The ethical questions surrounding euthanasia are numerous, with the general understanding that even one’s own life is not at their disposal. Cryothanasia, however, presents a silver-lining against this argument. Instead of being an end in itself, cryothanasia acts as a means to an end, i.e. cryopreservation and consequent revival. Respecting individual autonomy, passive euthanasia is gradually being recognised. The primary argument that it is unethical for one to take their own life can be defeated by looking at the purpose sought to be served in the context of cryonics, which is to relieve the individual from pain, and extend their life – both of which promote and value life.
If an individual is allowed to opt for medical aid in death, which is in furtherance of an intention to achieve optimum cryopreservation, allowing the same would offer them a chance at a future life. When viewed through this lens, cryothanasia presents a compelling ethical argument in its favour.
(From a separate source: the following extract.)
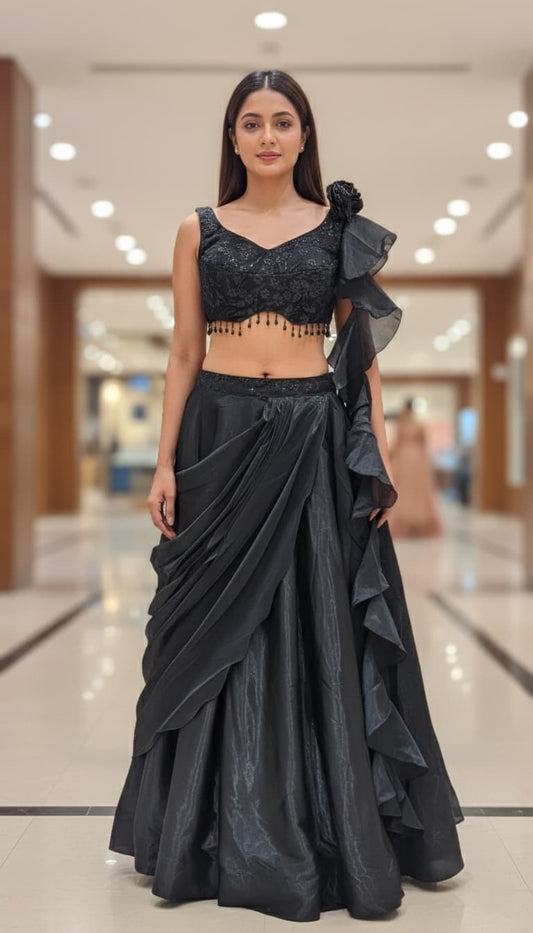 Front view of midnight black shimmer draped lehenga with embroidered V-neck blouse and bead tassel detailing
Causing yet another ethical ripple is the idea of immortalising a person’s identity through mind uploading. The concept revolves around “backing up” a person’s consciousness, and “uploading” it in digital format to a machine or a humanoid. Proponents of mind uploading seek to divide the process into two: obtaining information from the brain; and emulation through artificial reconstruction. The complexity of the human brain and the sheer multiplicity of synaptic connections has not yet allowed for this theory to be put to test. But with companies such as Elon Musk’s Neuralink seeing the light of day, the ethical considerations of this technology become relevant.
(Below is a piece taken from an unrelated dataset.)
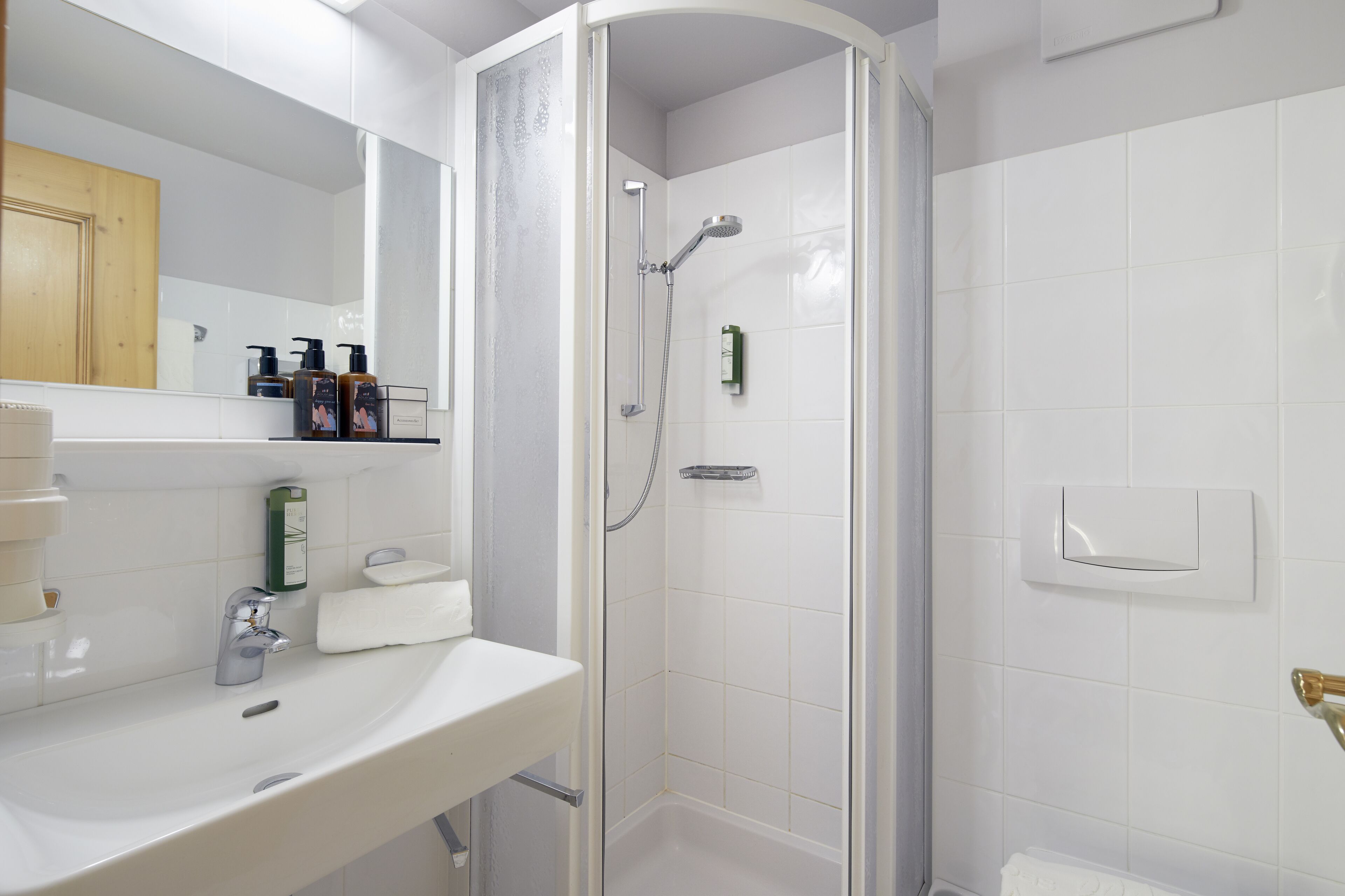 A modern bathroom with a white sink, a glass-enclosed shower, and a wooden cabinet.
A primary ethical question is with regards to the consciousness aspect of mind uploading: whether the resultant machine or Artificial Intelligence (AI) will contain the requisite emotional properties to make it a “person”. Arguments against AI have been stacked on the machine not being able to have or express emotions. AI now has the capability to learn from its functioning and perform advanced reasoning activities, ultimately exhibiting creativity and emotions. Another ethical question following mind uploading is the preservation of the identity of the individual. In a bid towards immortality, the retention of one’s personality appears to be a primary concern. Exploring this from the soul or the body criteria will yield answers in the negative as the consciousness emulated into a machine will not technically replicate the original body of the person, nor will it have a “soul”. Ethicists employing a functionalist view may be open to accepting that mind uploading paves the way for immortality, placing utility in the thought pattern generated by the machine. Thus continuity of the organic brain is not necessary to ensure the preservation of personal identity.
A series of studies in 2018 on the ethics of mind upload technology resulted in a finding that age and familiarity with mind uploading themes act as important deciding factors in condemning or approving the technology. It was found that older people condemn mind upload as opposed to younger people. This pattern may be the result of the younger generation having a greater exposure to similar ideas and technologies.
Two sides to every tale
As with everything else in the world, it is unrealistic to expect total unanimity from bioethicists on life preserving and extending technology. Even though a majority of ethical concerns are positively addressed, there will always be elements on which they will remain divided. Having said that, bioethical scrutiny holds much value as it can help make the whole process of life science and longevity research more streamlined, conducted with the help of well-informed subjects.